-- Opening Marker --

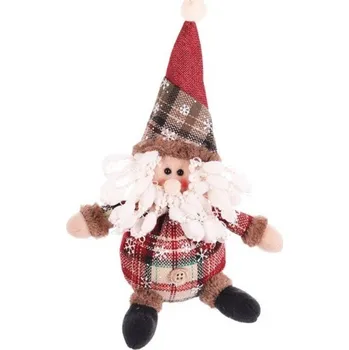 Vánoční dekorace eCa KSN05 Vánoční dekorace Mikuláš 25 cm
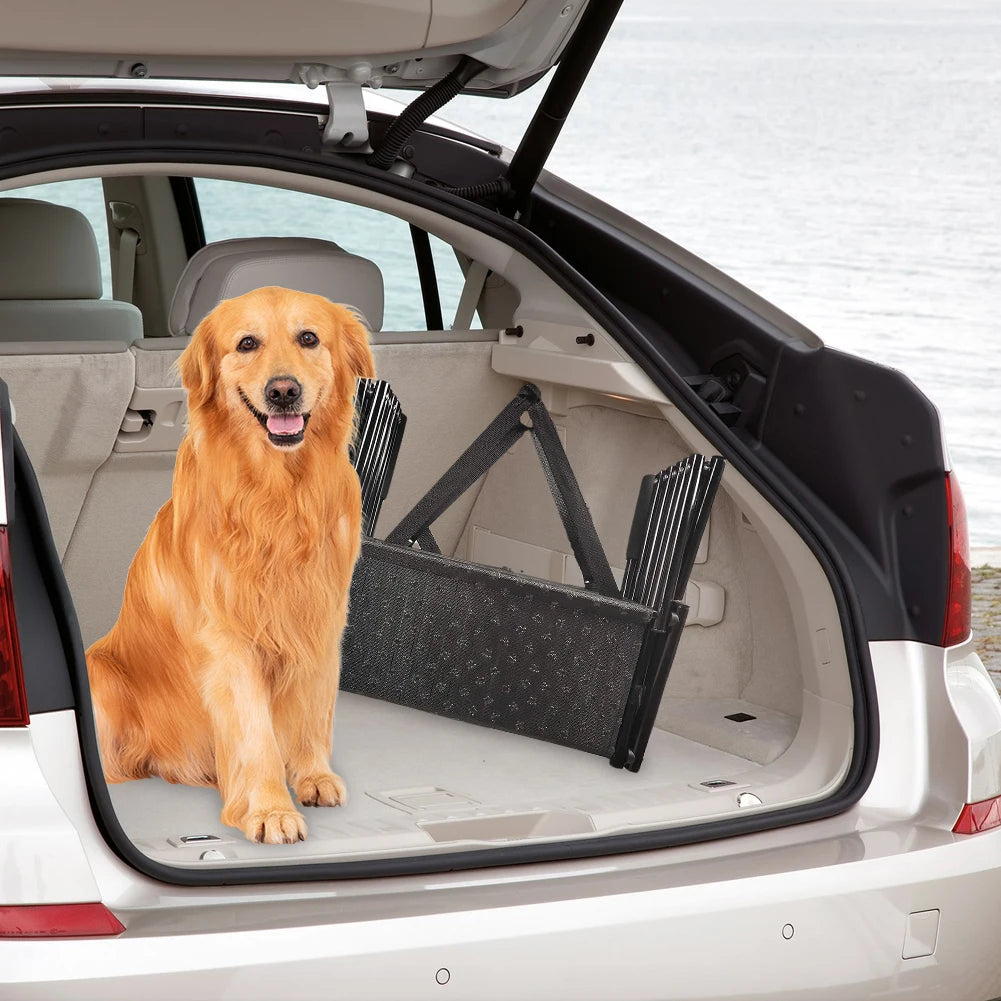 Folding Portable Pet Ramp Stairs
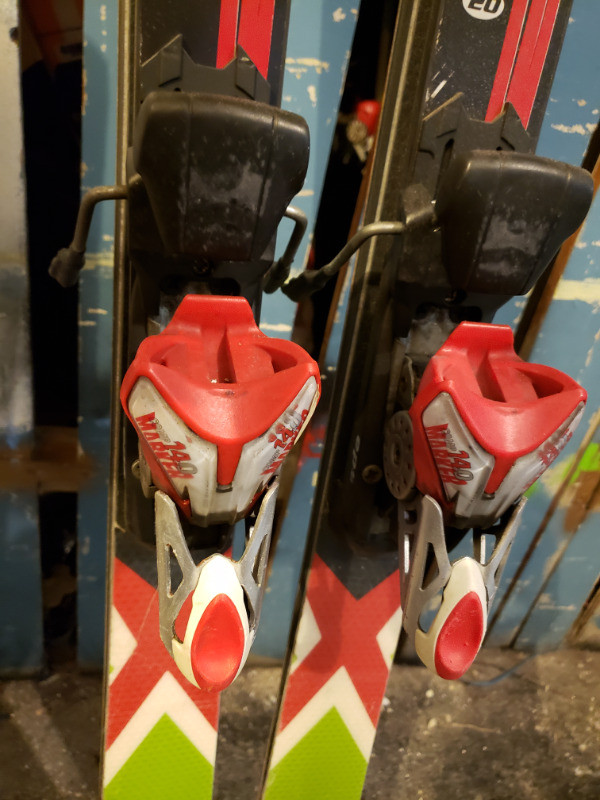 ELAN GSX RACE SKIS WITH Marker COMP 14.0 Piston Control TURBO Al in Ski in City of Toronto - Image 4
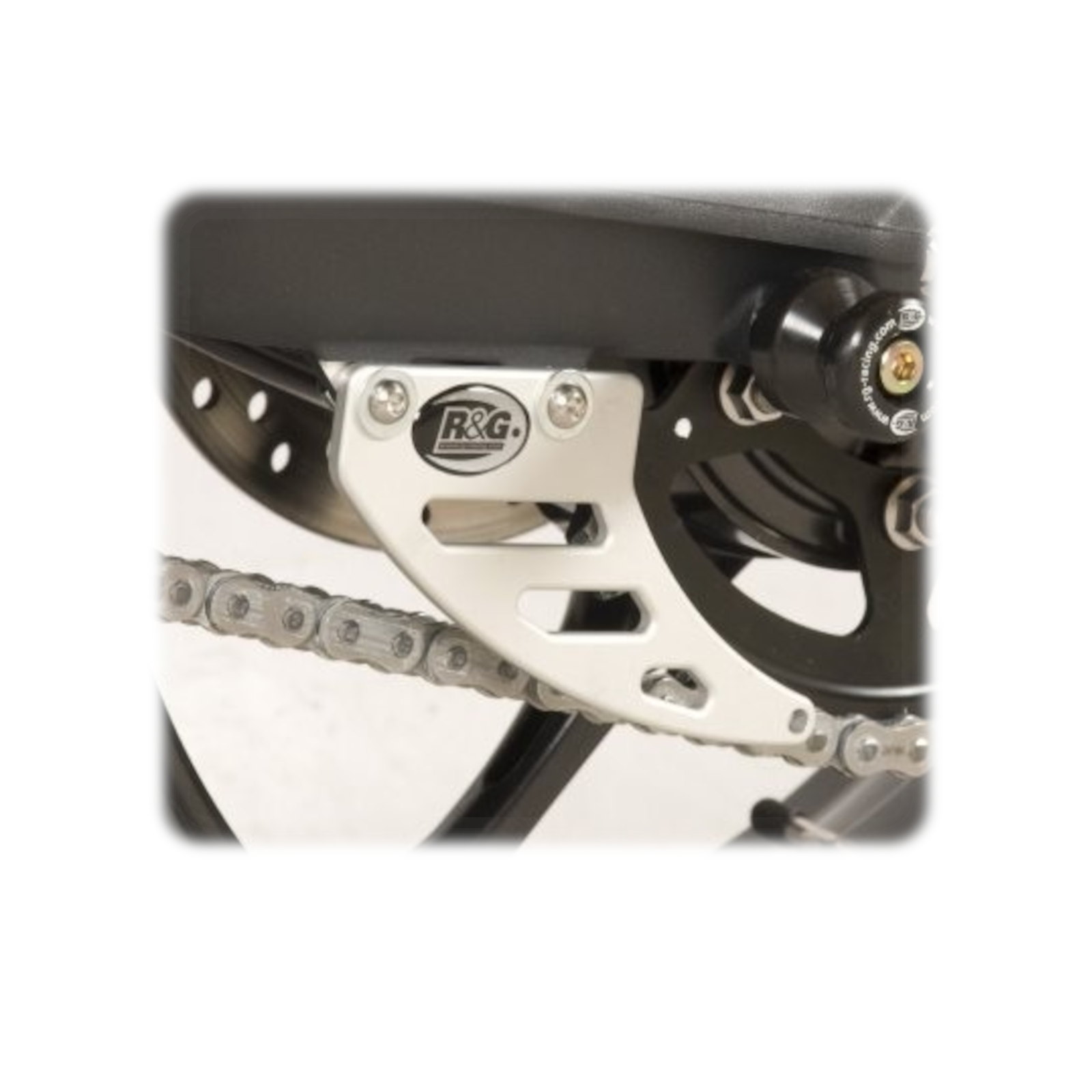 Toe Chain Guards for Triumph Daytona 675 2013 R&G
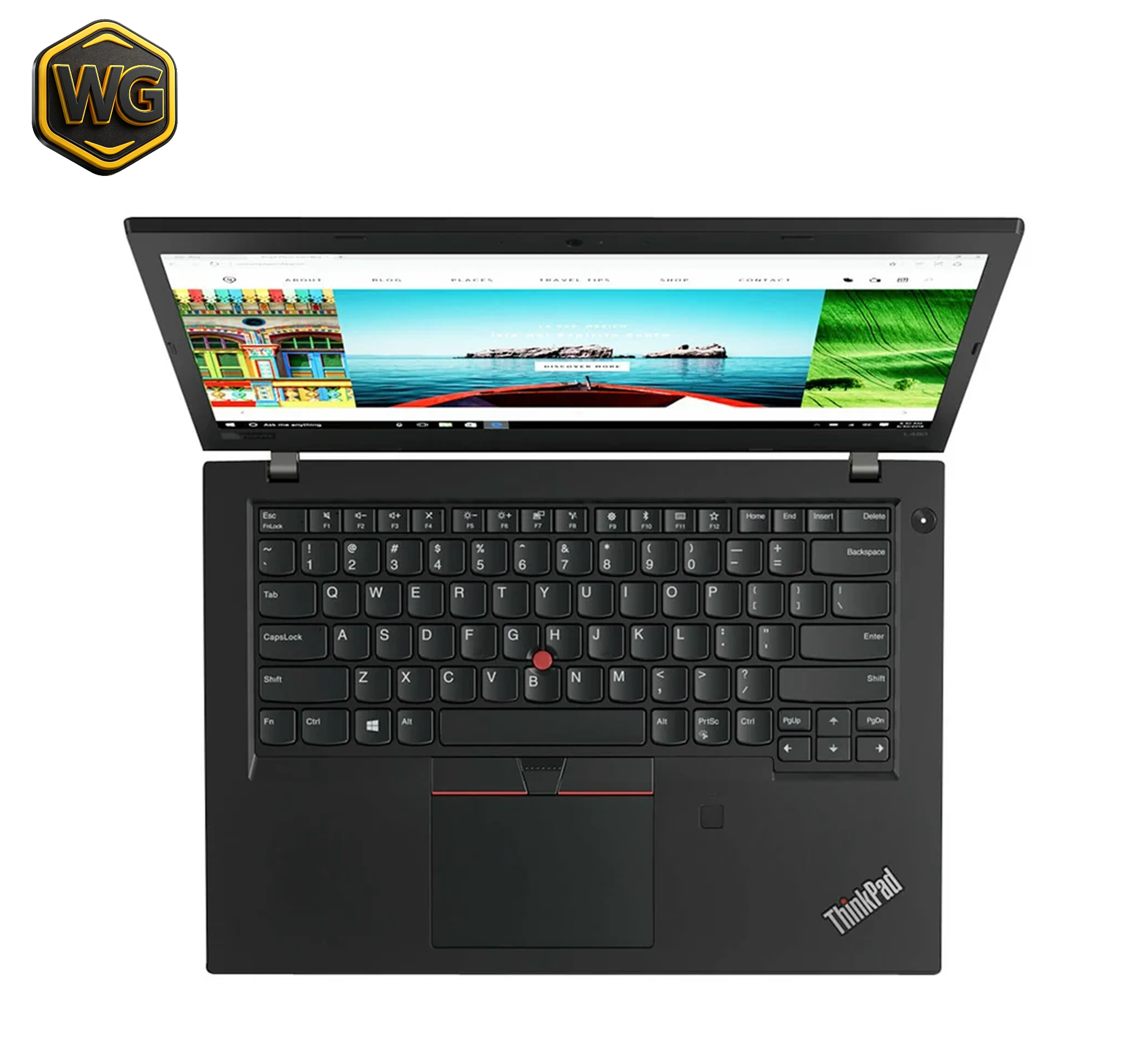 Buy Lenovo ThinkPad L480 (Black) Intel Core i5 8th Gen Display Laptop online in Pakistan at WaddaGamer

-- Closing Marker --

Give the data above again, exactly, with every picture removed.

**Result for this task**
 Vánoční dekorace eCa KSN05 Vánoční dekorace Mikuláš 25 cm
 Folding Portable Pet Ramp Stairs
 ELAN GSX RACE SKIS WITH Marker COMP 14.0 Piston Control TURBO Al in Ski in City of Toronto - Image 4
 Toe Chain Guards for Triumph Daytona 675 2013 R&G
 Buy Lenovo ThinkPad L480 (Black) Intel Core i5 8th Gen Display Laptop online in Pakistan at WaddaGamer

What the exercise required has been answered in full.